También será recordado por sus profundas contradicciones, las mismas que enfrentan a las facciones más progresistas y conservadoras de la Curia.

Joseph Ratzinger, el joven teólogo entusiasta del aperturismo de la doctrina católica durante el Concilio Vaticano II, que sostenía en esa época que “la fe debía salir de su armadura y enfrentarse al presente con un nuevo lenguaje”, no pudo materializar su aspiración de reformar el interior de la Iglesia para depurarla, cuando finalmente escaló al sitial más alto de toda la jerarquía eclesiástica.

Ciertamente, el anhelo de enmienda que inspiró el inicio de su pontificado en 2005 se fue diluyendo con los años hasta rematar en un fracaso con el que debió lidiar hasta sus últimas horas en la Sede de Pedro y, desde luego, hasta el final de su vida el 31 de diciembre.

Para unos, Ratzinger fue más teólogo que papa. Una figura controvertida de grandeza intelectual que admitió la “suciedad” de la Iglesia, emprendió una cruzada para sanearla de inmundicias como los repudiables abusos sexuales de los curas pederastas encubiertos durante décadas, los vergonzosos casos de corrupción en su interior, entre ellos el del propio Banco del Vaticano, acusado de blanqueo de dinero y de otros negocios ilícitos, o las luchas intestinas de poder que derivaron en el famoso ‘Vatileaks’, una impresionante filtración de documentos secretos de la Santa Sede. Uno de los cuales revelaba, incluso, un plan para asesinarlo.

A fuerza de durísimos golpes como este y de muchas inagotables controversias, Benedicto XVI empezó a ser visto como “un pastor rodeado de lobos”, tal y como alguna vez lo llamó el diario L’Osservatore Romano.

Para otros, el cardenal alemán que durante 23 años (1982-2005) ejerció como el prefecto de la Congregación para la Doctrina de la Fe, ganándose curiosos apelativos como el “rottweiler de Dios”, fue una fi gura implacable en su férrea defensa de la pureza del catolicismo. Sobre todo, porque pasó de ser un abanderado de la transigencia o innovación religiosa, en la época de Juan XXIII, a reinventarse como un conservador a ultranza, encargado de liderar la contrarreforma del Concilio Vaticano II.

Aún hoy, muchos sectores le reprochan la condena al silencio impuesta contra el sacerdote brasileño Leonardo Boff, uno de los artífices de la Teología de la Liberación.

Investido como el sucesor de Pedro, Benedicto XVI trató de rectificar situaciones de las que se avergonzaba profundamente, pero el tiempo se le echó encima. No solo porque se encontraba sin aliento ni respaldo, más que agotado por el peso de sus años, también porque en el interior de la propia Iglesia muchos de los jerarcas se alzaron abiertamente como sus peores y más peligrosos enemigos, convirtiéndose en insalvables obstáculos que dieron al traste con sus intenciones.

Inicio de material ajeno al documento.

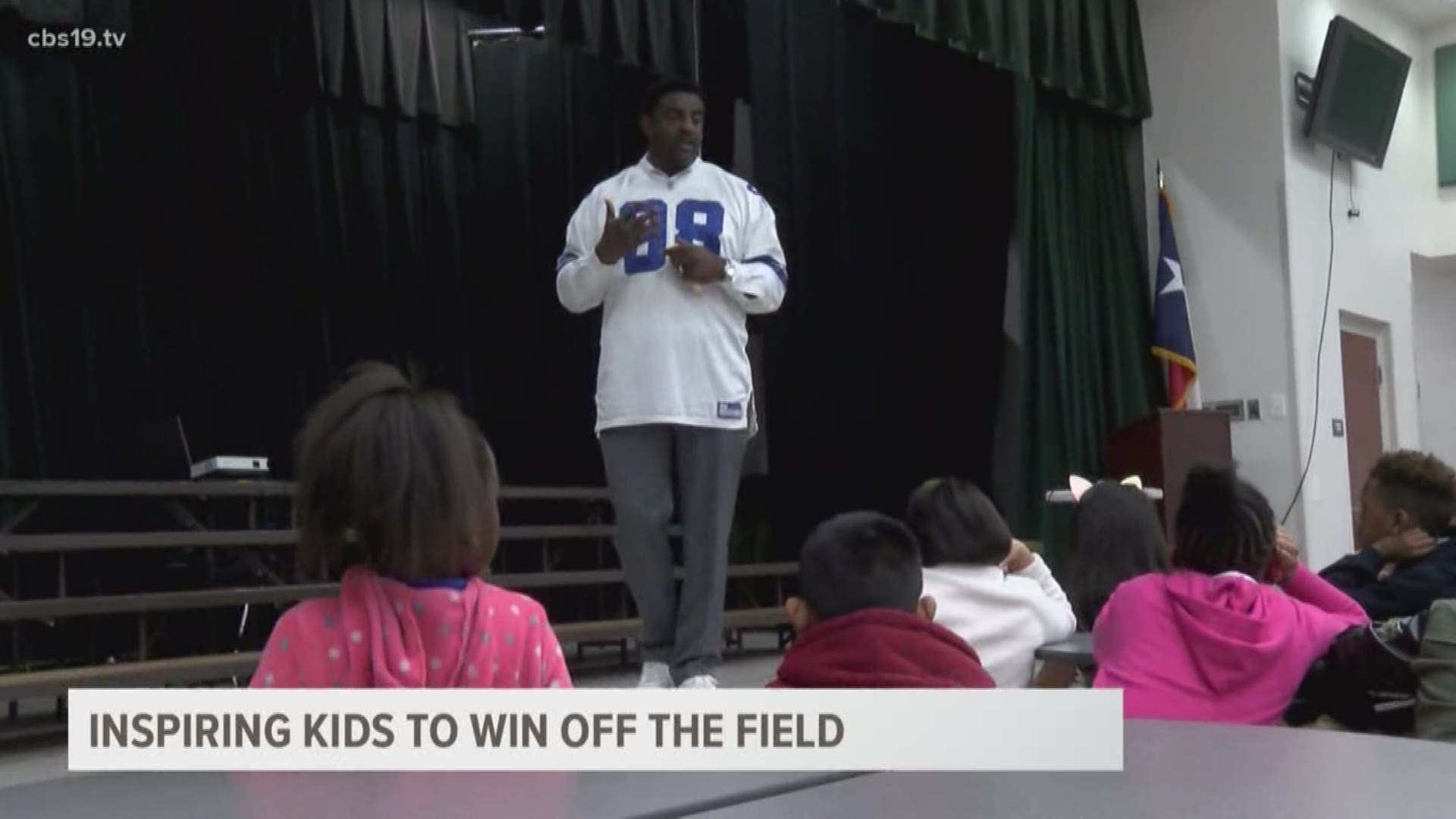 Former Dallas Cowboy Greg Ellis spoke to kids at Tyler to promote his stage play and positively inspire kids.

Exhausto e incapaz de continuar, tiró la toalla. Paradójicamente, el representante de Dios en la Tierra fue víctima de la asimétrica relación de poder existente en el interior del Vaticano que le concedía a él mismo un escaso margen de actuación.

Quienes fueron testigos de su calvario, dejaron en manos de Francisco la puesta en marcha de las reformas que el guardián de la fe no pudo concretar. Han pasado casi 10 años. Sin la sombra de su antecesor, con más libertad y, pese a mantenerse en la mira de las corrientes más tradicionales que amenazan con un cisma, Jorge Mario Bergoglio, el papa escogido desde los confines del mundo, podría dar un paso adicional y definitivo para imprimirle un toque de modernidad a la Iglesia.